**Work required:** Write the listing out again word for word, excluding any pictures.

───── Source information

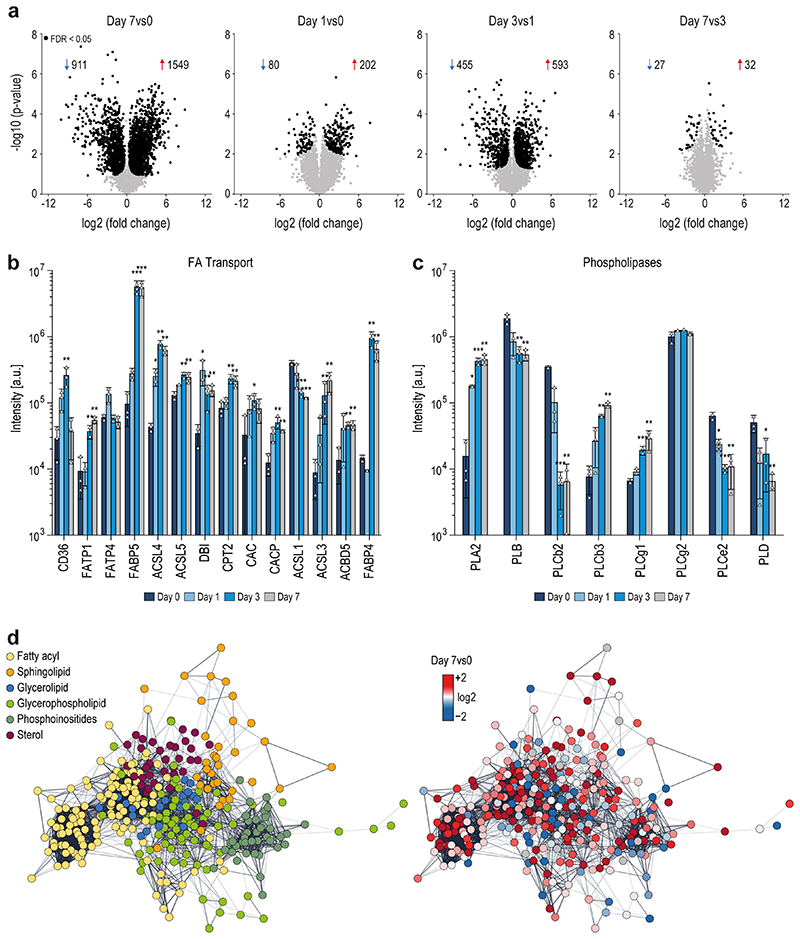 Extended Data Fig. 1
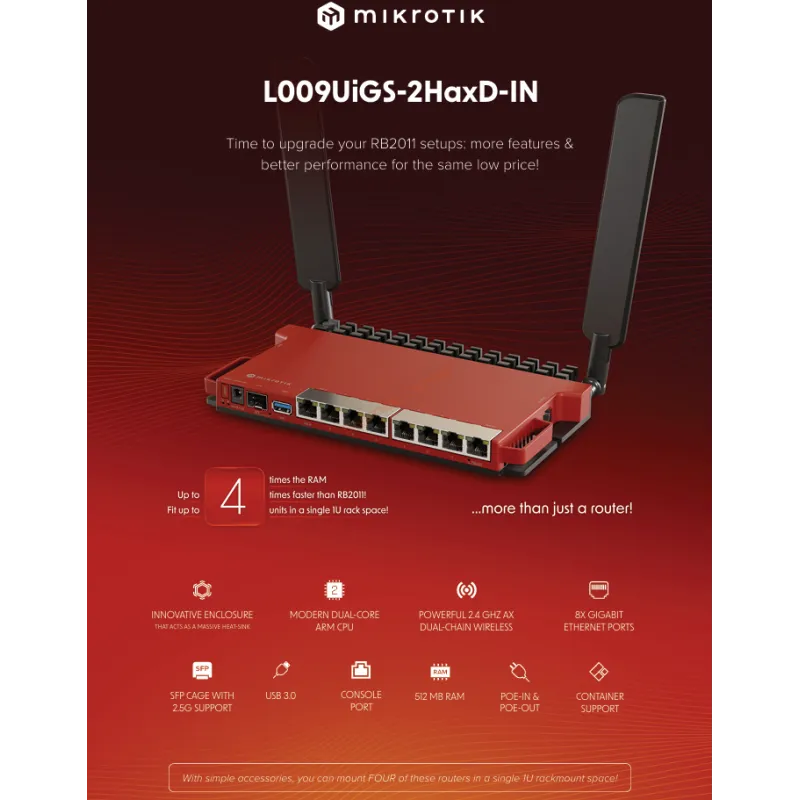 Mikrotik Router L009UiGS-2HaxD-IN (WiFi AX) Dual-Core 800MHz, Ram 512MB, ROS LV.5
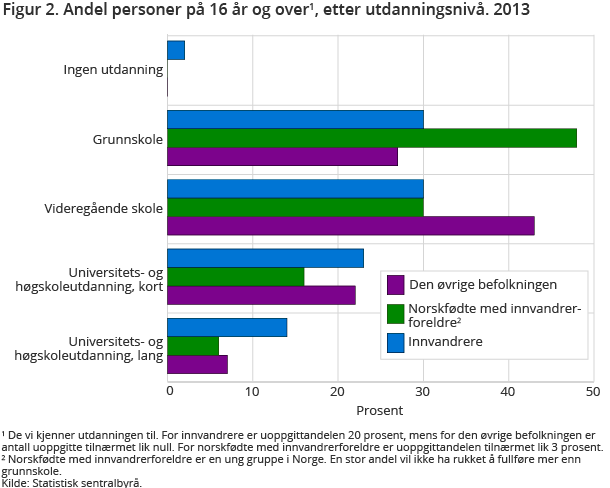 Figur 2. Andel personer på 16 år og over1, etter utdanningsnivå. 2013 Figur 2. Andel personer på 16 år og over1, etter utdanningsnivå. 2013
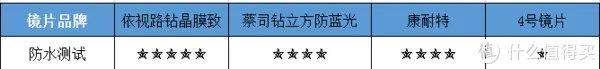 眼镜镜片到底有没有必要买贵的?多角度测评对比依视路、蔡司、康耐特 镜片!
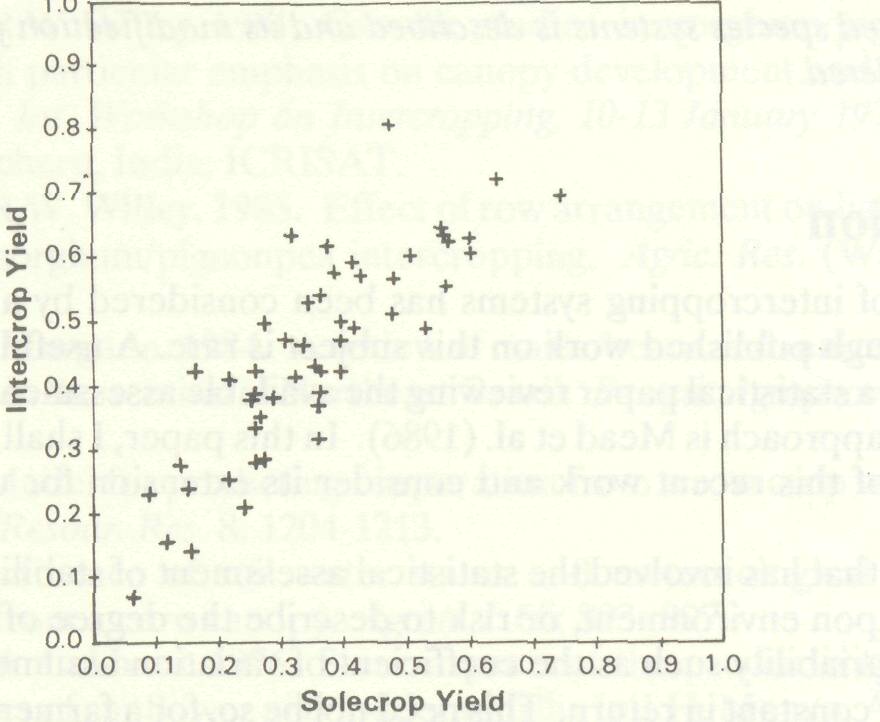 assessment_stability_1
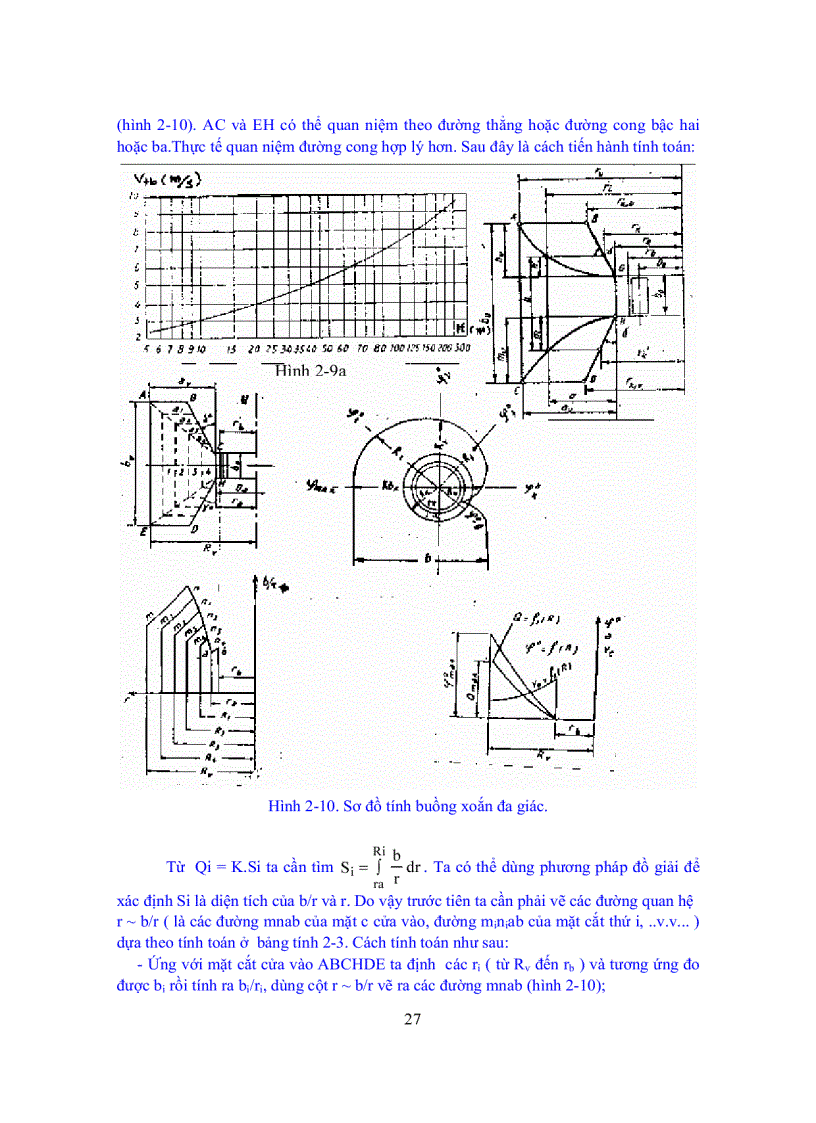 image for page Giáo trình tuabin thủy lực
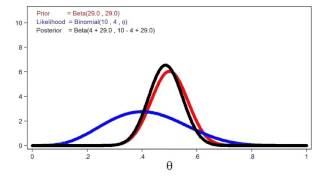 Introduction to Bayesian statistics part 1 The basic concepts [upl. by Zeena]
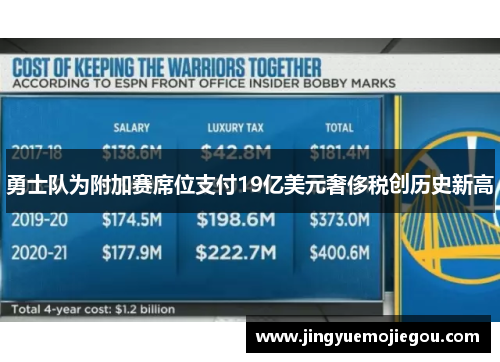 勇士队为附加赛席位支付19亿美元奢侈税创历史新高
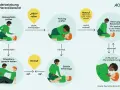 Schema zur Wiederbelebung bei Herzstillstand: Bewusstsein, Atmung prüfen, Notruf, Reanimation, Seitenlage.
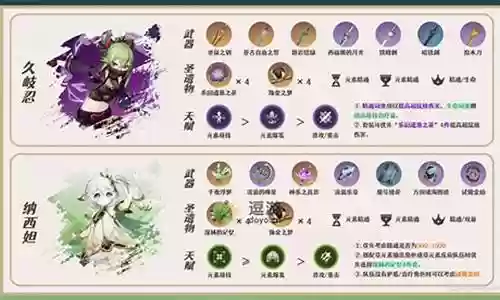 夜兰武装阵容怎么搭配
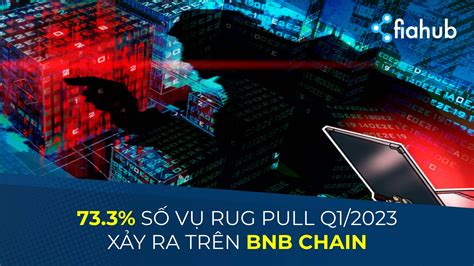 73.3% of Q1 rug pulls happened on BNB Chain: Immunefi image 2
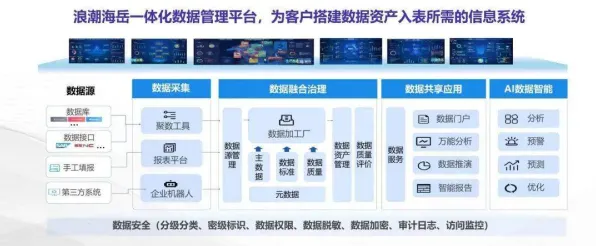 浪潮增强现实新突破，效率提升147.6%背后的技术革新与未来展望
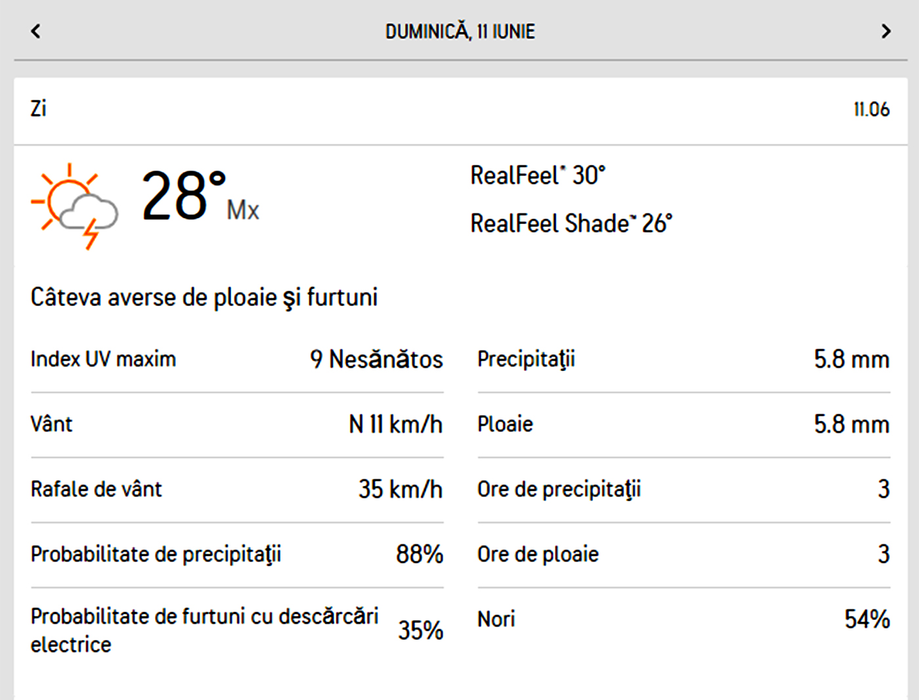 Meteorologii Accuweather anunță un weekend semi-canicular în București. Ce temperaturi vor fi vineri, sâmbătă și duminică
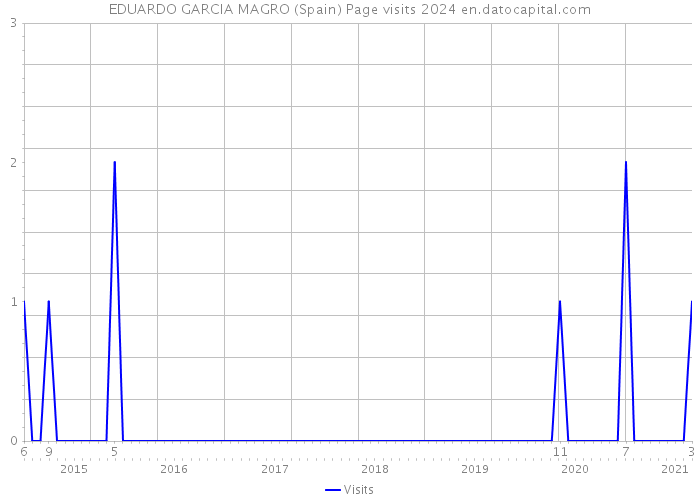 EDUARDO GARCIA MAGRO (Spain) Page visits 2024 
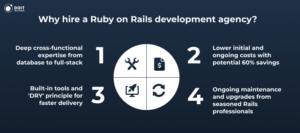 why hire a ruby on rails development company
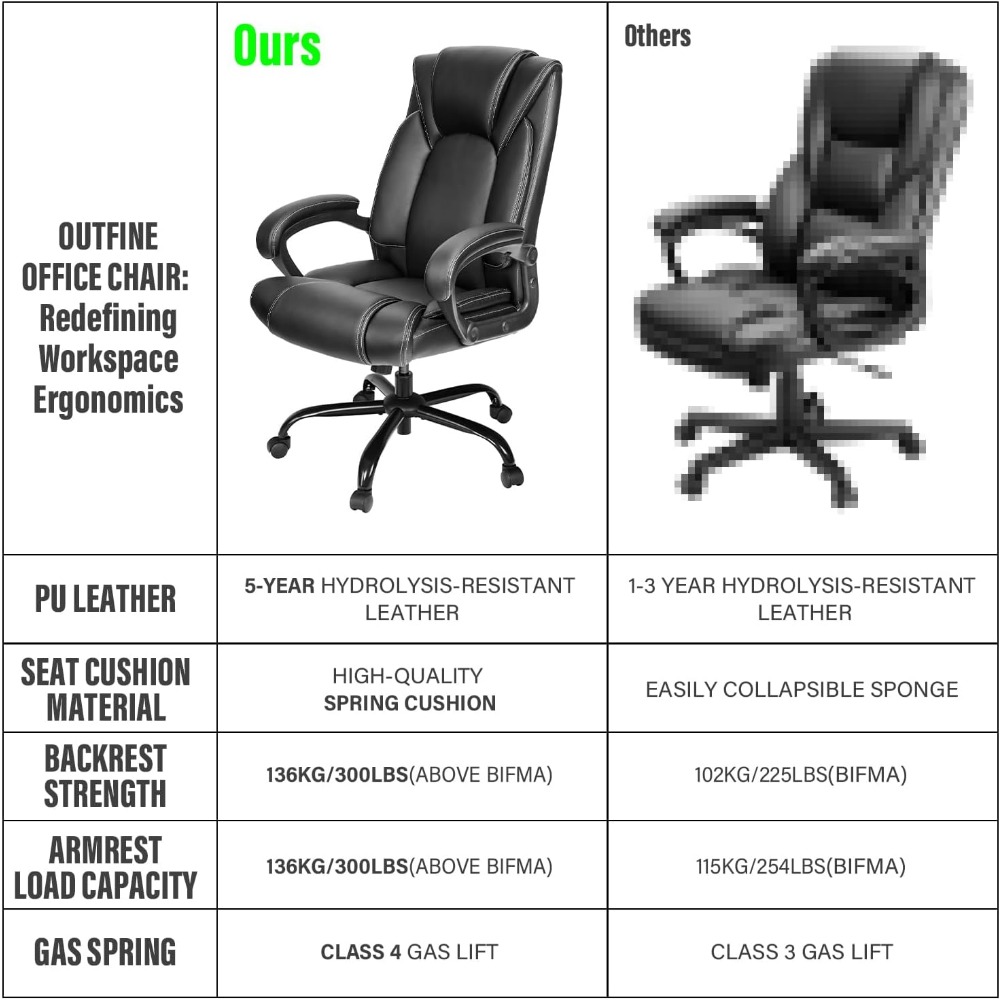 Ergonomischer Bürostuhl mit Fe – Gaming Chair Cushion Bewertung und Preis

──────────

**Solution below:**
 Extended Data Fig. 1
 Mikrotik Router L009UiGS-2HaxD-IN (WiFi AX) Dual-Core 800MHz, Ram 512MB, ROS LV.5
 Figur 2. Andel personer på 16 år og over1, etter utdanningsnivå. 2013 Figur 2. Andel personer på 16 år og over1, etter utdanningsnivå. 2013
 眼镜镜片到底有没有必要买贵的?多角度测评对比依视路、蔡司、康耐特 镜片!
 assessment_stability_1
 image for page Giáo trình tuabin thủy lực
 Introduction to Bayesian statistics part 1 The basic concepts [upl. by Zeena]
 勇士队为附加赛席位支付19亿美元奢侈税创历史新高
 Schema zur Wiederbelebung bei Herzstillstand: Bewusstsein, Atmung prüfen, Notruf, Reanimation, Seitenlage.
 夜兰武装阵容怎么搭配
 73.3% of Q1 rug pulls happened on BNB Chain: Immunefi image 2
 浪潮增强现实新突破，效率提升147.6%背后的技术革新与未来展望
 Meteorologii Accuweather anunță un weekend semi-canicular în București. Ce temperaturi vor fi vineri, sâmbătă și duminică
 EDUARDO GARCIA MAGRO (Spain) Page visits 2024 
 why hire a ruby on rails development company
 Ergonomischer Bürostuhl mit Fe – Gaming Chair Cushion Bewertung und Preis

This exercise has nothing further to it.